Incentive fees for the years ended December 31, 2025, 2024, and 2023 were $14.5 million, $14.6 million and $19.0 million, respectively. Incentive fees remained relatively unchanged for the year ended December 31, 2025 as compared to the year ended December 31, 2024. Incentive fees decreased for the year ended December 31, 2024 from the year ended December 31, 2023 due to a decrease in net investment income. For the year ended December 31, 2025, $12.4 million of the incentive fees were payable in cash and $2.1 million were deferred and accrued. For the year ended December 31, 2024, $13.6 million of the incentive fees were payable in cash and $1.0 million were deferred and accrued. For the year ended December 31, 2023, $14.9 million of the incentive fees were payable in cash and $4.1 million were deferred and accrued. Incentive fees per share for the years ended December 31, 2025, 2024, and 2023 were $0.39 per share, $0.38 per share, and $0.47 per share, respectively.
Net Investment Income
Net investment income for the years ended December 31, 2025, 2024 and 2023 was $56.9 million, $63.8 million, and $78.3 million, respectively. Net investment income decreased for the year ended December 31, 2025 from the year ended December 31, 2024 primarily due to a decrease in investment income resulting from declining interest rates and a decrease in the average outstanding principal on interest-earning debt investments. Net investment income decreased for the year ended December 31, 2024 from the year ended December 31, 2023 primarily due to a decrease in investment income resulting from a decrease in the average outstanding principal on interest-earning debt investments and declining interest rates, partially offset by decreased performance-based incentive fees and management fees. Net investment income per share for the years ended December 31, 2025, 2024 and 2023 was $1.55 per share, $1.64 per share and $1.93 per share, respectively.
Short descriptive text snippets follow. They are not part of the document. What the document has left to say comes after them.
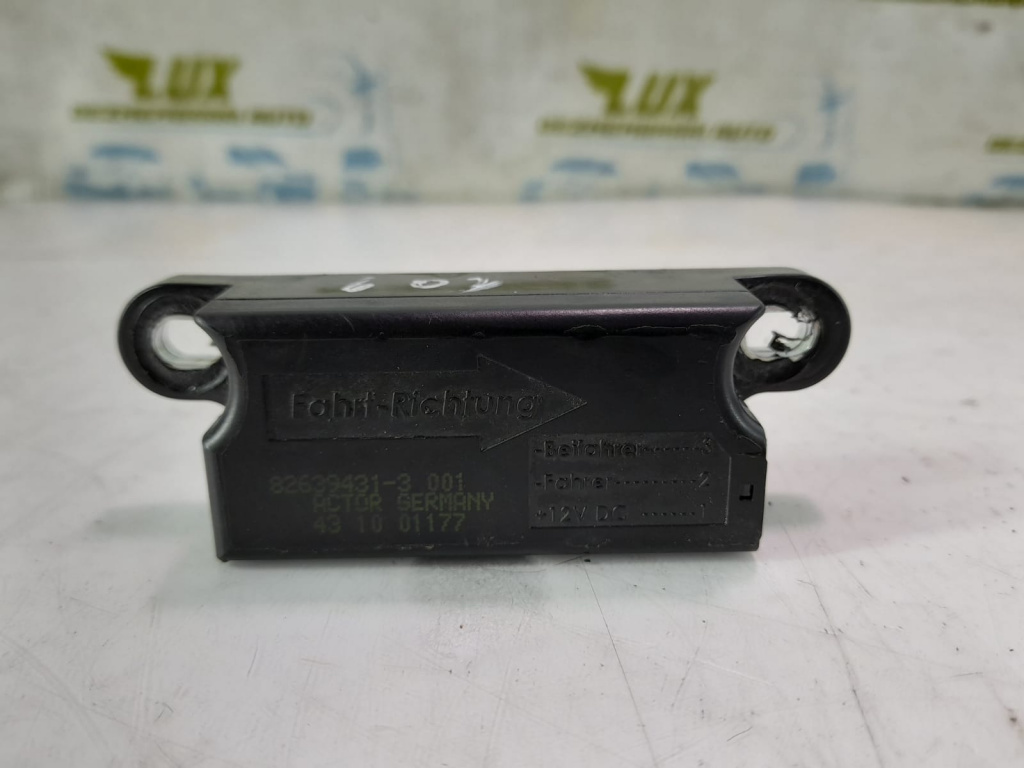 Modul 82639431 SsangYong Korando 3 [2010 - 2013] 2.0 e-xdi D20DTF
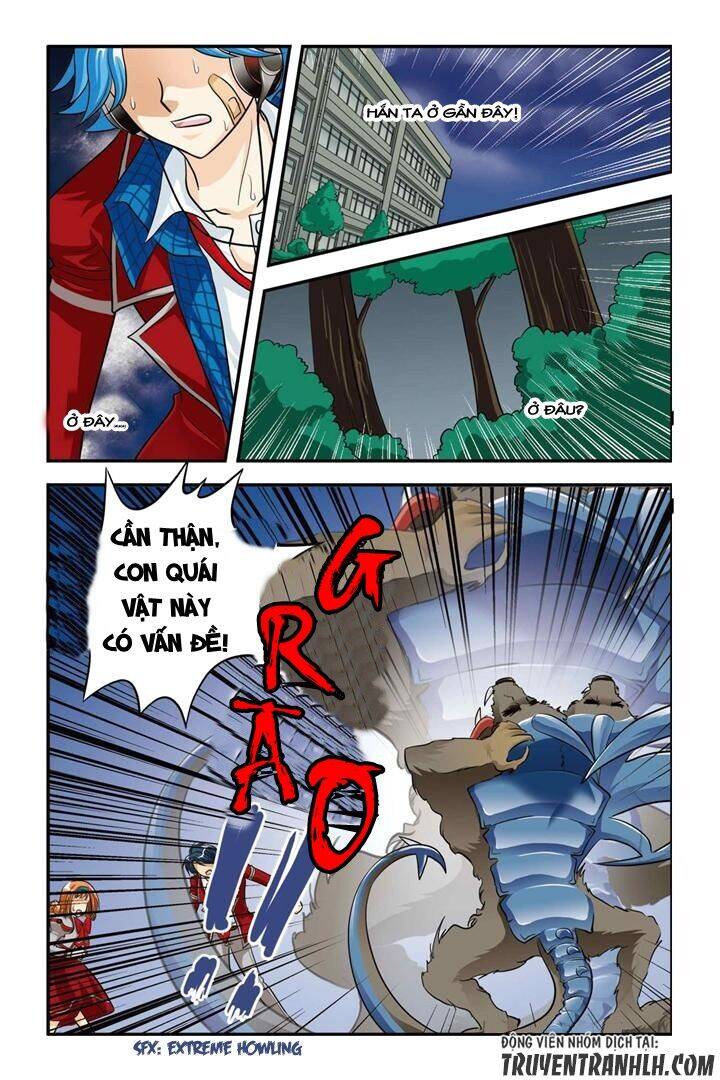 Concerto For Dark Knight Chapter 12 - 18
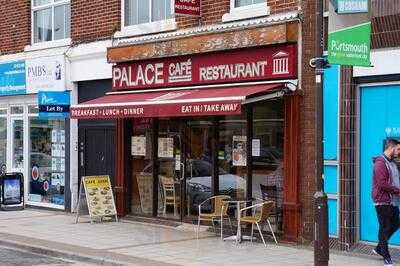 Palace Cafe Restaurant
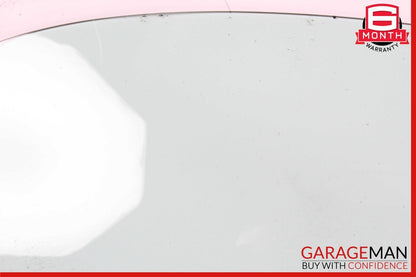 97-04 Porsche Boxster 986 Front Left Driver Side Door Window Auto Glass Clear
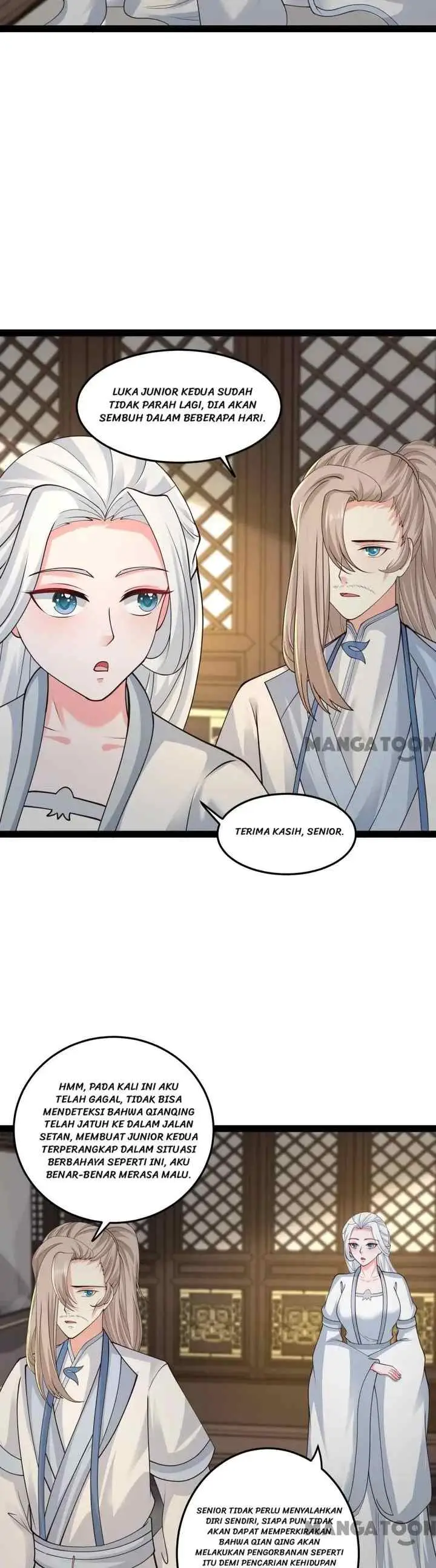 The Strongest Peach Blossom chapter 293 halaman 11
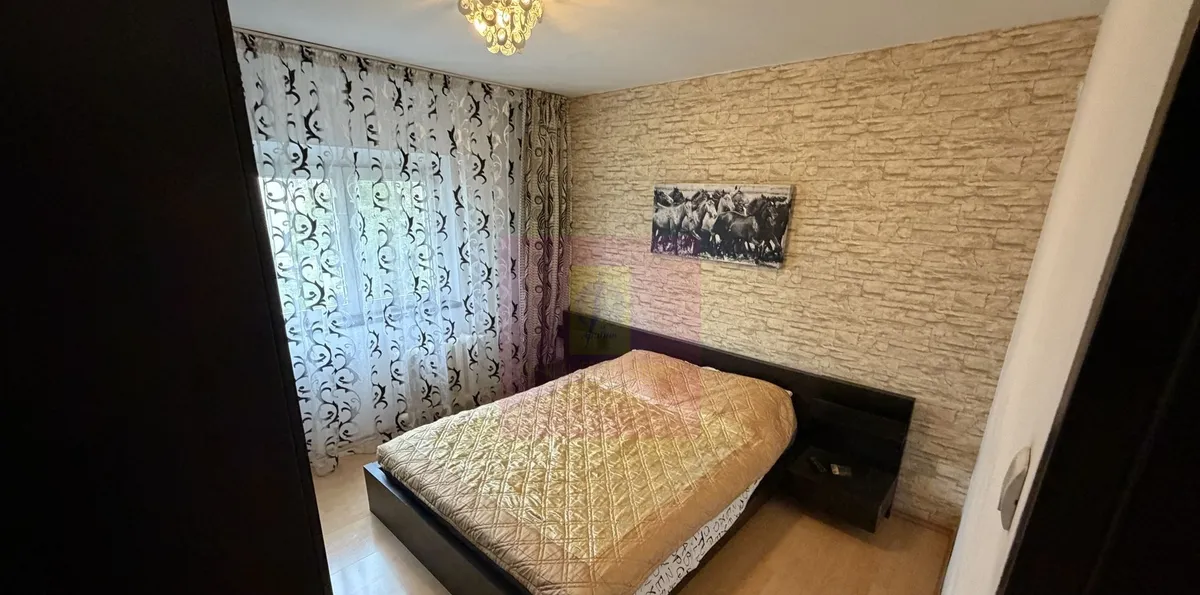 Apartament cu 3 camere Vitan Mall Mobilat Utilat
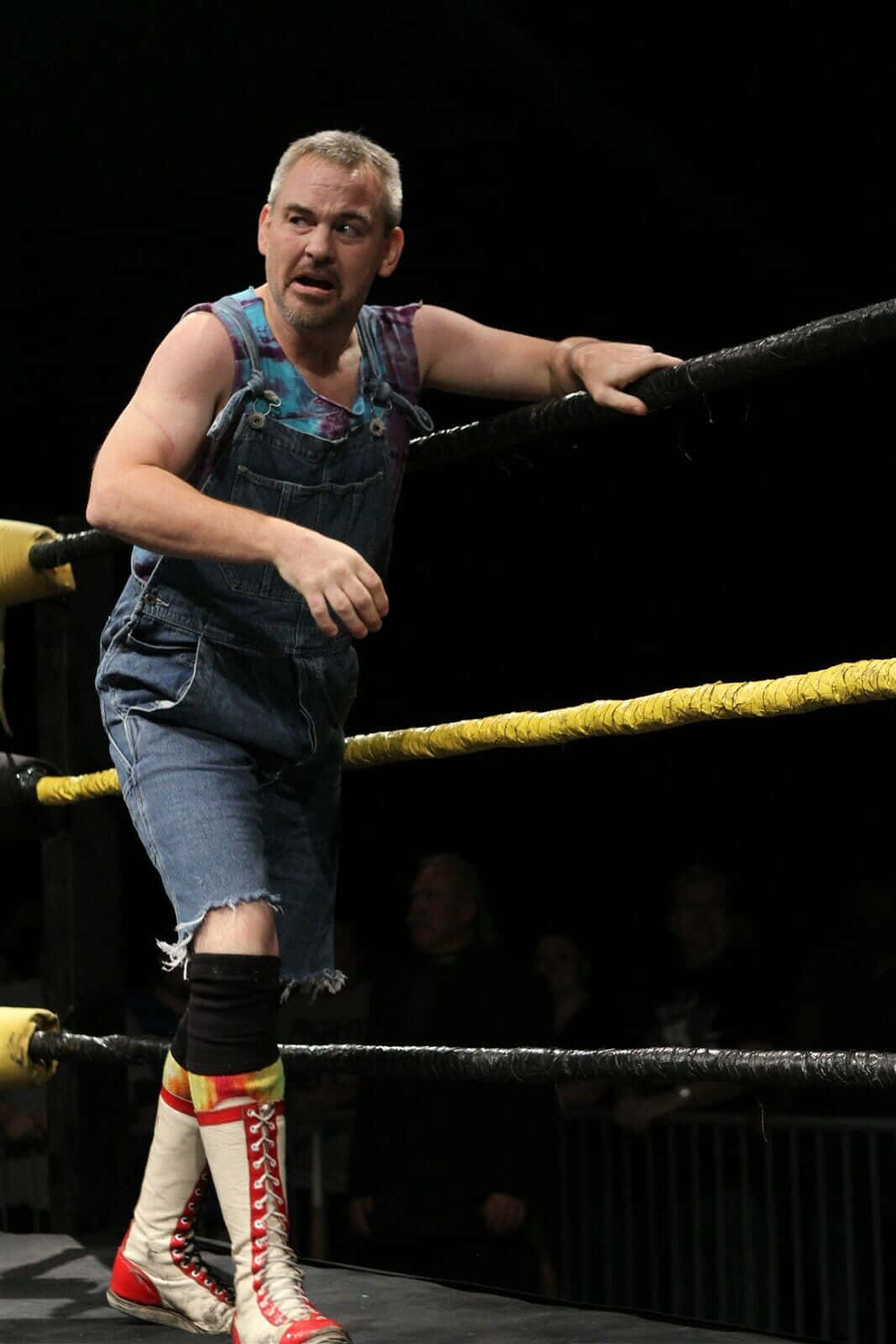 Wrestler_in_ Ring_ Attire.jpg Wallpaper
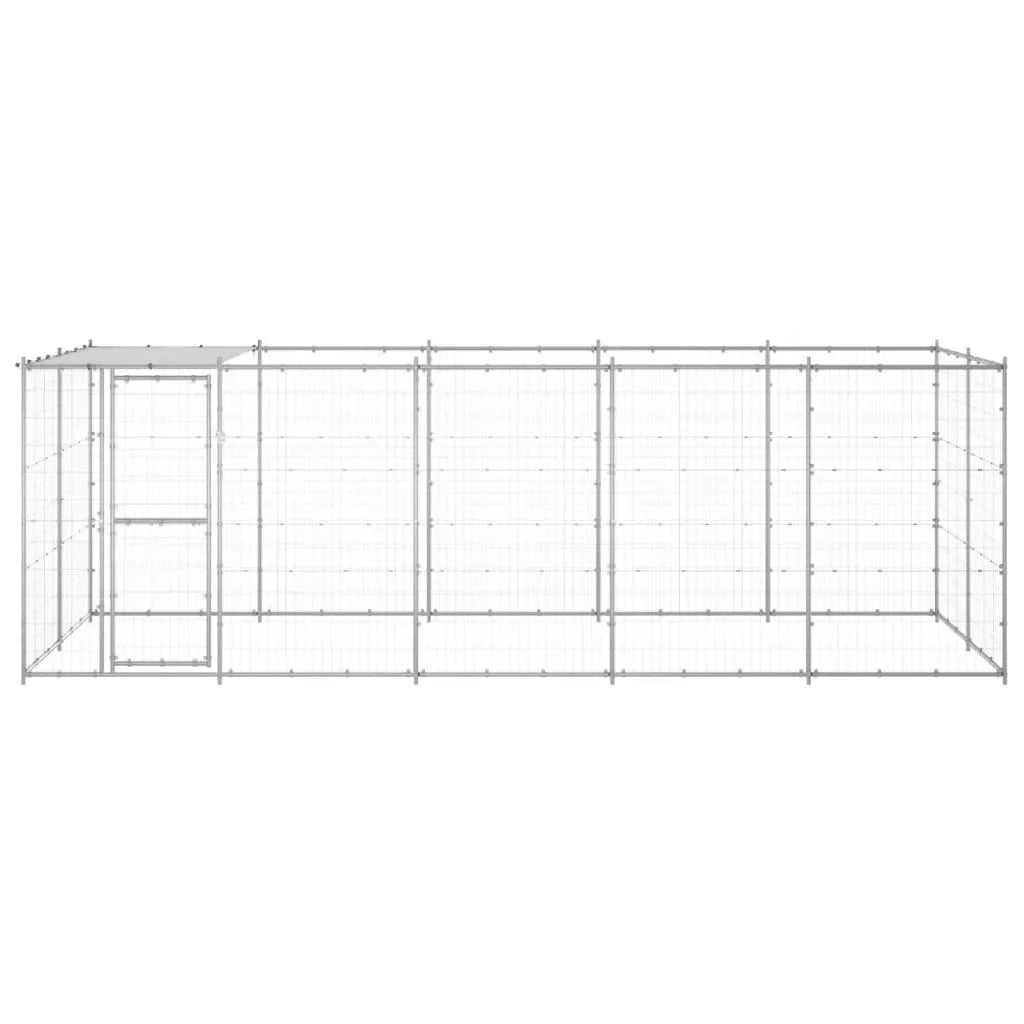 Steel ft² Anself Roof with Galvanized 130.2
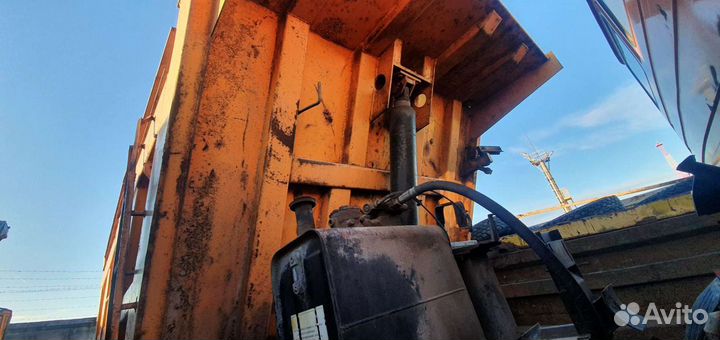 Beifang Benchi ND3250W, 2007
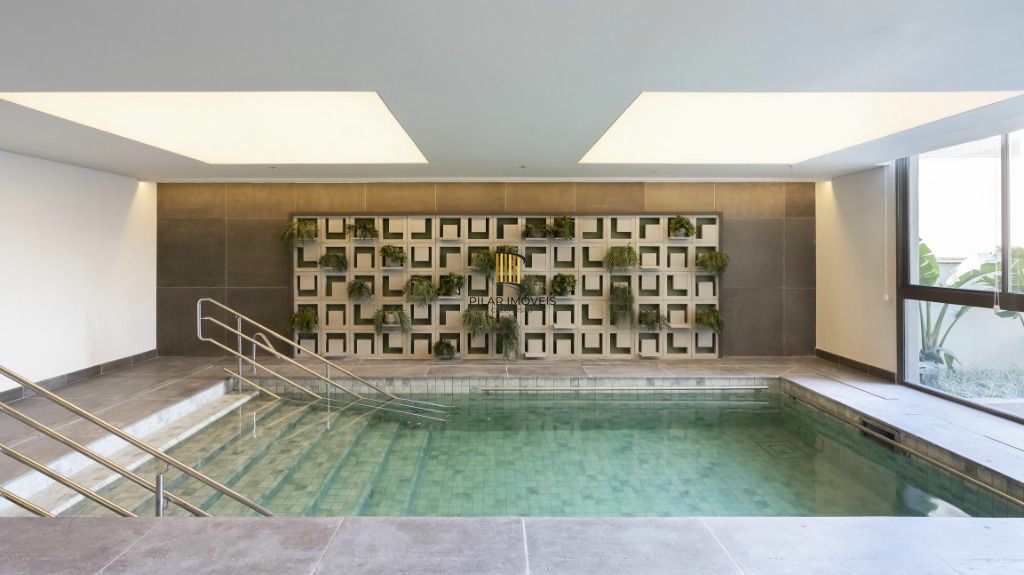 Apartamento 1 dormitório no bairro Petrópolis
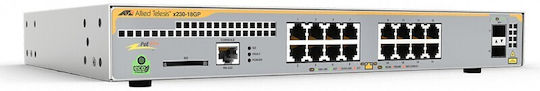 Allied Telesis Βάση για Κάμερες Συστημάτων CCTV Γκρι 4τμχ AT-RKMT-J13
Net Realized Gain (Loss) on Investments
The net realized gain on investments of $2.8 million for the year ended December 31, 2025 was attributable to a realized gain on our investment in Gynesonics, Inc. partially offset by realized losses on our investments in Quantum Corporation common stock, JobGet Holdings, Inc. (fka Snagajob.com, Inc.) term loan, zSpace, Inc. common stock, and Epic IO and Vero Biotech success fees. The net realized loss on investments of $2.9 million for the year ended December 31, 2024 was attributable to losses in our senior secured term loan and convertible note to Jobget Holdings, Inc (fka Snagajob, Inc.), offset by a gain on the exercise of Dtex, Inc. warrants into preferred stock and subsequent sale. The net realized loss on investments of $18.4 million for the year ended December 31, 2023 was attributable to losses in our loan to Pivot3, Inc. that was previously on non-accrual status, as well as our warrant investments in CareCloud, Inc. and Gynesonics, Inc.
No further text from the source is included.